DAVIDE, JR., C.J., separate opinion


Whether the taking of the depositions of witnesses may be allowed in criminal cases before the Philippine courts must
be squarely resolved. I take an affirmative stand on the issue. For one, we have Sections 4 and 5 of Rule 119 of the
Rules of Court which provides for the Application for examination of witness for accused before trial and Examination
of defense witness; how made, respectively. These Sections refer to the conditional examination of defense
witnesses, which is one mode of perpetuating testimony available to the accused. This deposition, being to perpetuate
testimony, may be done before the commencement of the trial state, or anytime thereafter, as the need there for
arises, but before the promulgation of judgment.

Then, too, there is Section 7 of Rule 24 of the Rules of Court, which provides for Depositions pending appeal applies
to criminal cases. According to Justice Regalado the procedure in Section 7 is available in all actions, including
criminal cases.

Thus, the ruling in the case of Dasmarinas Garments, Inc. v. Court of Appeals is applicable in the case at bar, to wit:
Depositions may be taken at any time after the institution of any action, whenever necessary or convenient. There is
no rule that limits depositions-taking only to the period of pre-trial or before it; no prohibition against the taking of
deposition after pre-trial. Indeed, the law authorizes the taking of depositions of witnesses before or after an appeal is
taken from the judgment of a Regional Trial Court to perpetuate their testimony for use in the event of further
proceedings in the said court (Rule 134, Rules of Court), and even during the process of execution of a final and
executory judgment. And more importantly, deposition in criminal cases of a witness for the defense who is residing
abroad must be allowed. Involved in a criminal case is not just the status or the property of the defendant, but the life
or limb or the liberty of the accused. If, then, a deposition is allowed for a witness in a civil case, then it is with more
reason that it be allowed in a criminal case; its denial would amount to a deprivation of due process and to the
accused’s right to compulsory process to secure the attendance of witnesses in his favor, which are guaranteed by
the Bill of Rights (Sections 1 and 14(2), Article III, Constitution).

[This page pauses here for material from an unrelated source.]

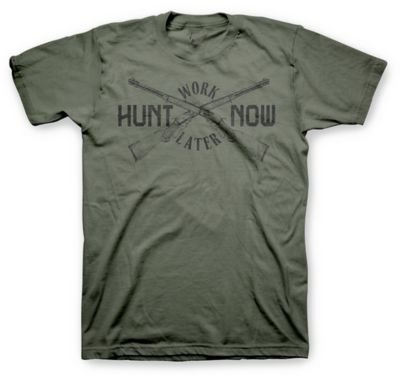 Farm Fed Clothing Men's Short-Sleeve Hunt Now T-Shirt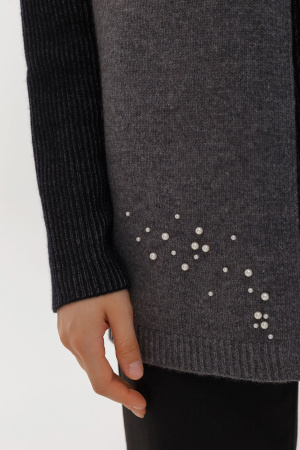 Шарф 16-23-210-ОС Гоеол (160*22, 74 темно-серый)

PUNO, J., concurring opinion


Complements the learned opinion of the Chief Justice.

NOTES

Deposition, defined
The testimony of a witness taken upon oral question or written interrogatories, not in open court, but in pursuance of a
commission to take testimony issued by court, or under a general law or court rule on the subject, and reduce to
writing and duly authenticated, and intended to be used in preparation and upon the trial of a civil or a criminal
prosecution.

Deposition, purposes
1. Give greater assistance to the parties in ascertaining the truth and in checking and preventing perjury;
2. Provide an effective means of detecting and exposing false, fraudulent claims and defenses;
3. Make available in a simple, convenient and inexpensive way, facts which otherwise could not be proved
except with great difficulty;
4. Educate the parties in advance of trial as to the real value of their claims and defenses thereby encouraging
settlements;
5. Expedite litigation;
6. Safeguard against surprise;
7. Prevent delay;
8. Simplify and narrow the issues; and
9. Expedite and facilitate both preparation and trial.